Security Council Meets on Situation in Middle East, Including Palestinian Question
UN Photo/Manuel Elías
The United Nations Security Council responds to mass atrocity events with striking inconsistency, despite its mandate to maintain international peace and security. Some crises prompt emergency meetings, formal investigations, and international criminal tribunals. Others, most starkly illustrated by the atrocities at the end of the Sri Lankan Civil War, never reach the Council's agenda at all. Understanding this inconsistency requires attention to a key stage of the process: agenda entry. Rotating monthly among member states, the Council President holds substantial discretion over what issues the Council takes up; discretion shaped not only by crisis severity but by the preferences of salient audiences, including the target state, co-members of the Council, and the broader international community. I argue that agenda entry reflects this gatekeeping role: presidents balance reputational incentives tied to their political distance from the target state against the distributional pressures of preference variance among Council members. Using new data on UNSC response to 24 mass atrocity events from 1989 to 2024, analyzed at the state and meeting level, I construct rank and variance measures to capture when crises enter the agenda.
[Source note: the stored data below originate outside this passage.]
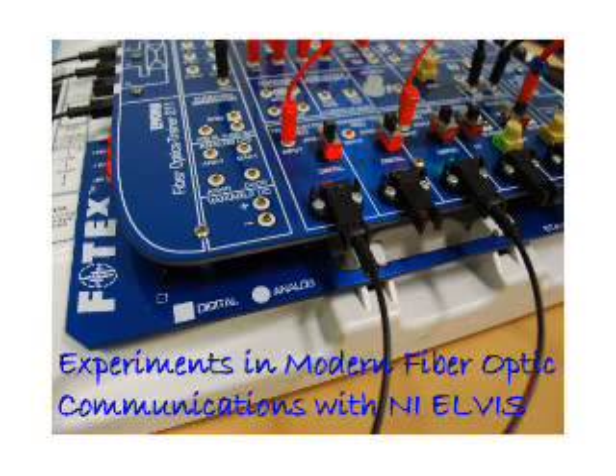The Photex board is supplied complete with all accessories including patching leads, optical fibers, headphones, user and experiment manuals, and BNC scope leads.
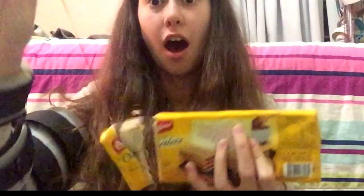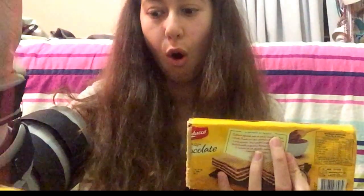Next we got another chocolate wafer — the brand is Baoduko, and it says 'wafer sabor chocolate,' so it's basically just a wafer filled with chocolate inside. Let's get into it. Oh, I just made a mess — it fell out of the back of the box. I'll clean that up later.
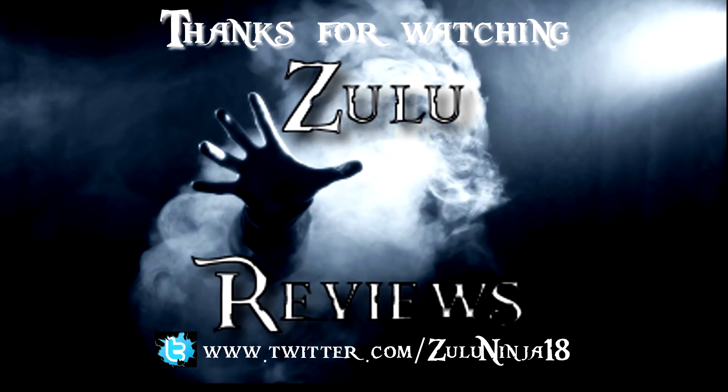Oh, that is lovely. Anyway guys, I'll leave this here. I've been Zulu, this has been Zulu Reviews, and thank you for watching. We'll see you next time.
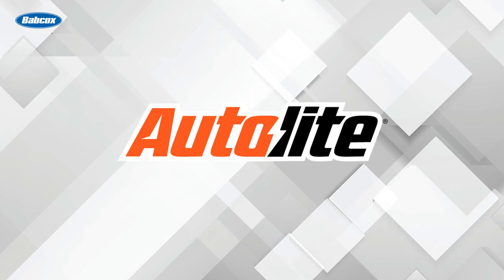This video is sponsored by Autolite, manufacturers of high-quality spark plugs since 1935. Visit Autolite.com for more information.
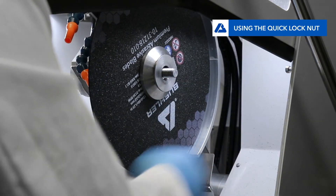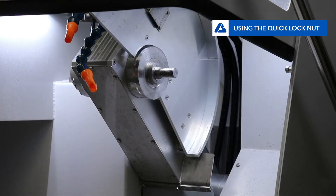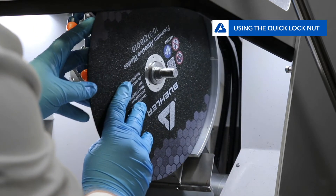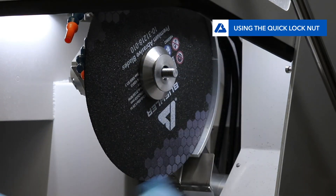Now remove the flange and spent blade. Because hand strength is all that is needed, this reduces the strain on the user and also reduces the risk of the user injuring themselves while releasing the nut. Now the user loads a new blade and replaces the flange. Then twist the quick locking nut back on while gripping the edge of the blade.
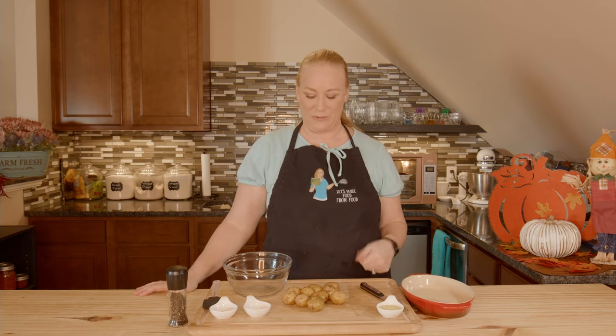It's another delicious day here in the Let's Make Food from Food Kitchen, and today we're making roasted creamer potatoes. What are creamer potatoes? Well, there's these little ones. They're very creamy on the inside, but they're also very delicious.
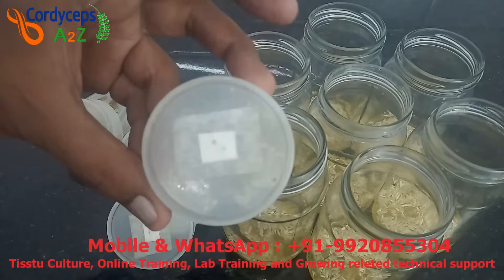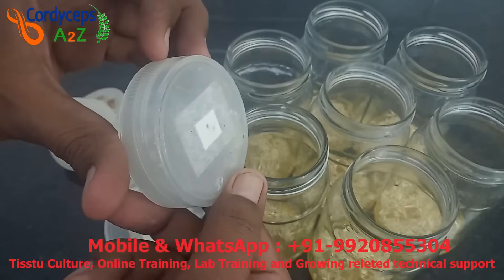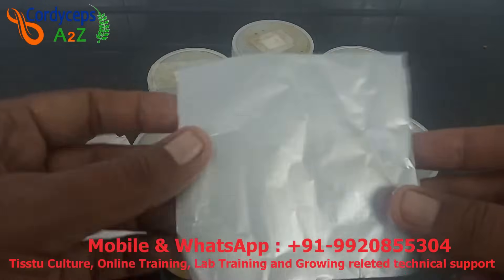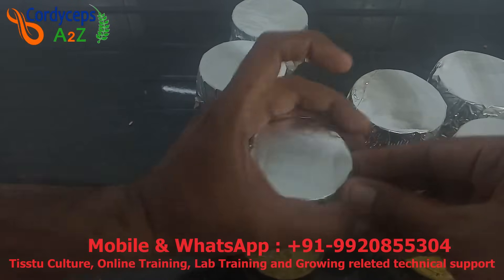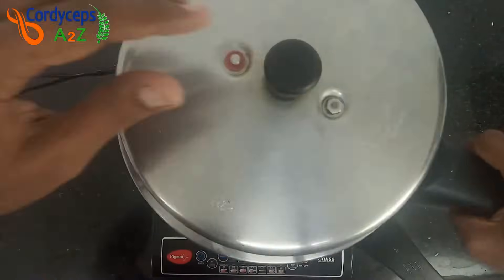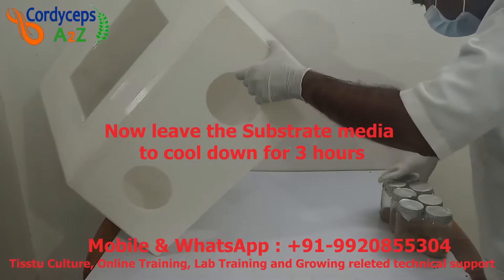Take a plastic cap with an approximately 5 mm hole and stick a piece of filter paper on it with tape. Fit this cap on all bottles and pack the cap with aluminum foil. Now sterilize these bottles using the same previous process. After 50 minutes of sterilization, keep them in the inoculation box to cool down for 3 hours.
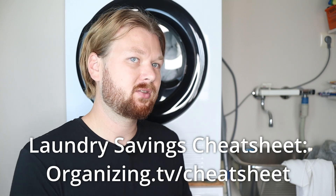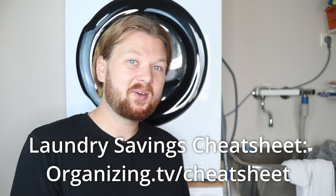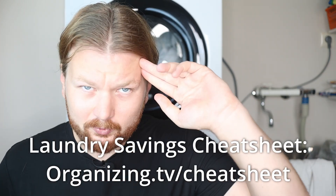If you have colored clothes that you don't feel like you need to use this cycle for, I've made a bunch of videos on other settings you can use — there's a playlist of over 30 videos you can check out. I've also made a newsletter you can sign up for — I'll send you a cheat sheet on how to cut your laundry costs in half. You can find it in the description or at organizing.tv/cheatsheet. Hope you liked this video and I'll see you in the next one!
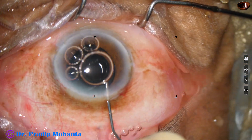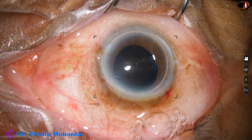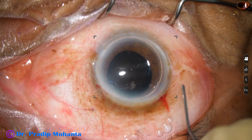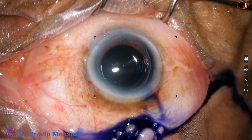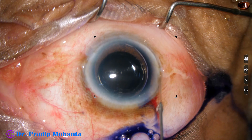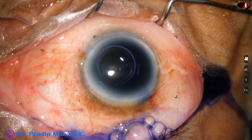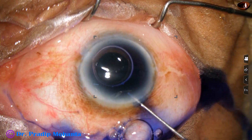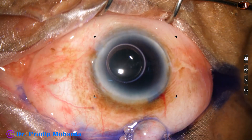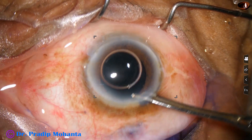The main incision has been made just posterior to the limbus. A side port has been made and an air bubble has been injected into the anterior chamber. Here goes the trypan blue dye to stain the anterior surface of the cataract — the anterior capsule. Adrenaline and phenylephrine are injected and the dye is washed out.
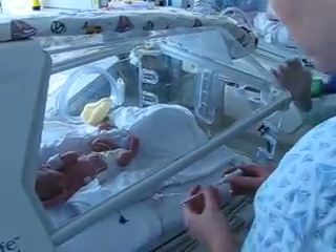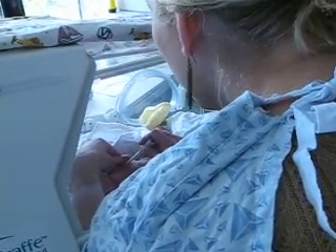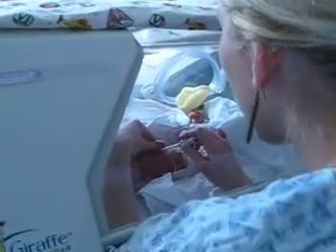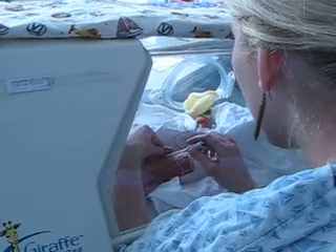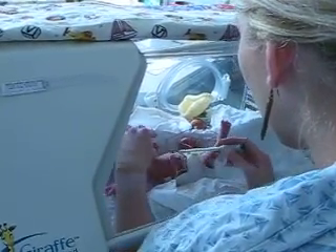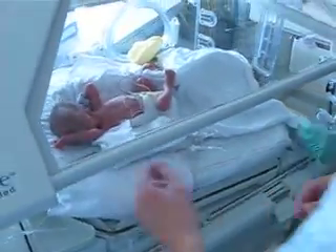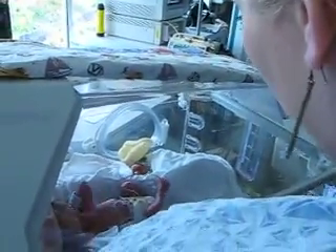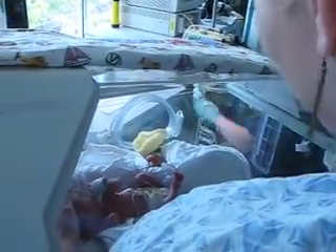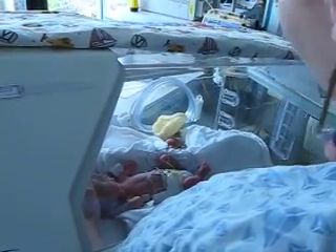Just put that probe in an armpit, right in the middle, and close his arm. Fine, 36.6. And that's how you'll take his temperature at home too, when you think he's ill. Under the arms — called axillary. No rectal temps, because they're always moving their legs, and it's really easy for that thermometer to go up way farther than it needs to.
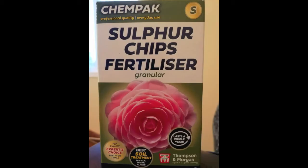Both our normal soil and our ericaceous soil - which is meant to be acidic - appear alkaline. We think this is because we've been using tap water to water our plants instead of rainwater from our water butt. So we've bought some sulfur, and hopefully this will start to bring our pH level down.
Preliminary findings suggest that preference variance among Council members and the presiding state's distance from the target are jointly associated with agenda entry, consistent with the interpretation that presidents are more willing to surface divisive issues when doing so serves reputational purposes — and more likely to suppress them when consensus is elusive and exposure costly. These findings point toward a better understanding of how agenda control shapes the Council's response before any vote is ever called.